There are some indications of a previous civilization, long disappeared, having once inhabiting the island. After satisfying ourselves with the habitability of the main beach we cast off and commence our quest to circumnavigate and fully chart Lisa Curry Island. The tide is running high and white caps mean that we have to be careful to stay out of harm’s way. Curling around the island we spot the a small beach and aim our craft in its direction, using the modest swell to run the bow up onto the beach. Safely back on shore we explore the caves and channels of this part of the island. We examine the alternate passages to the west. There is a small break in the island that suggests we’ll be able to use a canal to cut out the need for a much longer paddle out into the bay. Backing out into the swell we carefully thread through the canal and slowly manoeuvre through shallow rocks until we are amongst seabirds and kelp.
Emboldened by our successes we peer into the distance towards the Waitangi Treaty grounds and speculate about paddling all the way. It is the lack of sunscreen that curtails our ambitions and we opt to return to Paihia. Without kayak wheels manhandling the craft out of the water and along the footpath is an activity requiring strength and perseverance. Once again Christine is a sturdy companion and we finally lumber back into the backyard with our prize. Magically, the kayak wheels have appeared, as if to mock us.
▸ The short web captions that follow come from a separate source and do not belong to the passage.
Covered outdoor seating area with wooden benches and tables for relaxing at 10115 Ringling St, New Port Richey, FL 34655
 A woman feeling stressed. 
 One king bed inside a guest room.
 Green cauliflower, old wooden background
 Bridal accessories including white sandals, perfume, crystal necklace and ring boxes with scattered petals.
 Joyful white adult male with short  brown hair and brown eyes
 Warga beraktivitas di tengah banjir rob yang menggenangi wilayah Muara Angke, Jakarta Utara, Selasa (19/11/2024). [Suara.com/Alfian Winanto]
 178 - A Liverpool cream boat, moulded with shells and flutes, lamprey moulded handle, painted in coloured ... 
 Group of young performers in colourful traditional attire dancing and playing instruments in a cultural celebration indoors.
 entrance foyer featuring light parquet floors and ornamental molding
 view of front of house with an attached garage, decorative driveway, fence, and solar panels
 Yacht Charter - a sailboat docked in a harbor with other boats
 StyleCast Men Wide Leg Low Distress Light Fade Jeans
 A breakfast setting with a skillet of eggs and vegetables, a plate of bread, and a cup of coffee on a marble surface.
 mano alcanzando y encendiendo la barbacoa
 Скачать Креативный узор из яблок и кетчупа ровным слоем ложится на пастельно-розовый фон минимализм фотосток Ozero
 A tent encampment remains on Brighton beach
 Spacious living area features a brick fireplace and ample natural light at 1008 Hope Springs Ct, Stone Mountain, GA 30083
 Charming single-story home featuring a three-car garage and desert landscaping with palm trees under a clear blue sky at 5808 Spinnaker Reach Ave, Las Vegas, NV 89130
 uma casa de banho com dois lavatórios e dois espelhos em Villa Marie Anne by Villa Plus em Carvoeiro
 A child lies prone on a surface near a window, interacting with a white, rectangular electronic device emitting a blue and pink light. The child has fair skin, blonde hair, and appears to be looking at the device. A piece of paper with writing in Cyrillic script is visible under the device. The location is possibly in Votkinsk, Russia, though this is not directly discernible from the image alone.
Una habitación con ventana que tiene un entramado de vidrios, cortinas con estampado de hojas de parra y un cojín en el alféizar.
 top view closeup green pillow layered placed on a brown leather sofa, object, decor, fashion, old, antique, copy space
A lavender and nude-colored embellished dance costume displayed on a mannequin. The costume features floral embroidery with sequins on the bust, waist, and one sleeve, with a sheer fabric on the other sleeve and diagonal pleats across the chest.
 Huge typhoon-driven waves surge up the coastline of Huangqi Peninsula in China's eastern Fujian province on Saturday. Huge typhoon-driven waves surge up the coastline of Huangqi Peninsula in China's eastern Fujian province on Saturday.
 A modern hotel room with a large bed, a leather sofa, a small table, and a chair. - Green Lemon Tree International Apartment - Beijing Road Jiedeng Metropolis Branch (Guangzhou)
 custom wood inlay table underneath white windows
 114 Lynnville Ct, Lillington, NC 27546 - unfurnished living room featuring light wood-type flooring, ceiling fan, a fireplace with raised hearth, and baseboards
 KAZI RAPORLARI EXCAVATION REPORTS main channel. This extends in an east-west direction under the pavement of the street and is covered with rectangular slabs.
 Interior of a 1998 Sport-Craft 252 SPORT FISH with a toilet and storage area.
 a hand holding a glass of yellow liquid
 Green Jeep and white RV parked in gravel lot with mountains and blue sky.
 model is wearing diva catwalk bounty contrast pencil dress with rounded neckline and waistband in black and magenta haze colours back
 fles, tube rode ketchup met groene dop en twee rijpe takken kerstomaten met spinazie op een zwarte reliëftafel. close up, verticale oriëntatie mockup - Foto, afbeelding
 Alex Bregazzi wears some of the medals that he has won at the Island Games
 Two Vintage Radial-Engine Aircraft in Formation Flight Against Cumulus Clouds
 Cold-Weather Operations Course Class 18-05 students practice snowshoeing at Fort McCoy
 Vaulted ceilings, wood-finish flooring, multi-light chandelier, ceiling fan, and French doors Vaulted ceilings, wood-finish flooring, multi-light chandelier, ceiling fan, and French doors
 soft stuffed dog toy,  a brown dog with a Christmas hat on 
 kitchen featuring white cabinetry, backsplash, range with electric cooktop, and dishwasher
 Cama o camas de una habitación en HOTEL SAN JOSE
After showering we ready ourselves for our next exploration, a trip to the Waitangi Treaty grounds. Using the horrible backpacker bikes we struggle with the short ride, eventually arriving at the historic location. Moz has advised us that it is possible to enter for free if one is prepared to scout around but we have limited patience for this as we have unlocked bikes to take care of. The option of paying to see the grounds is clearly out, they charge $30 per person.
The falls we had hoped to reach several days ago can also be reached by taking a 5km walk through a mangrove reserve. After hidng the bikes in the bush we set off. The walk is impressive, cutting through dense forest, tracing the coastal outline and utilising a raised boardwalk to negotiate the mangroves. Along the way are lookouts that provide views of the riverbanks and unspoilt ecology. The unmistakable sound of tourist’s voices alarms us to the need to temper our exhibitionist tendencies.
Along the way we encounter birds nesting in the gnarled branches of the trees lining the mangroves. These are large, long necked fowls who have built homes of twig and bracken. When we observe more closely it is to discover that there are chicks in the twiggy bowls and that they are imploring for food. It is an enchanting scene.
After a hour we arrive at the waterfall coursing into the river. The millennia have gouged an impressive gorge into the rock and the level drop is surprising. As a popular tourist spot we need to share with others but this doesn’t stop Chris sprawling out on the rock and resting, the scratches and bruises on her arm still visible from yesterday’s wilderness encounter.
On the walk back we encounter some of the trampers we passed on the way out, girls with thick German accents. There hasn’t really been any drinking water available on the walkway so it is a relief to finally haul our way out of the mangroves and forest and collect our bikes. On the way back we pause to contemplate the majesty of Lisa Curry Island and the other unspoilt features of the Bay.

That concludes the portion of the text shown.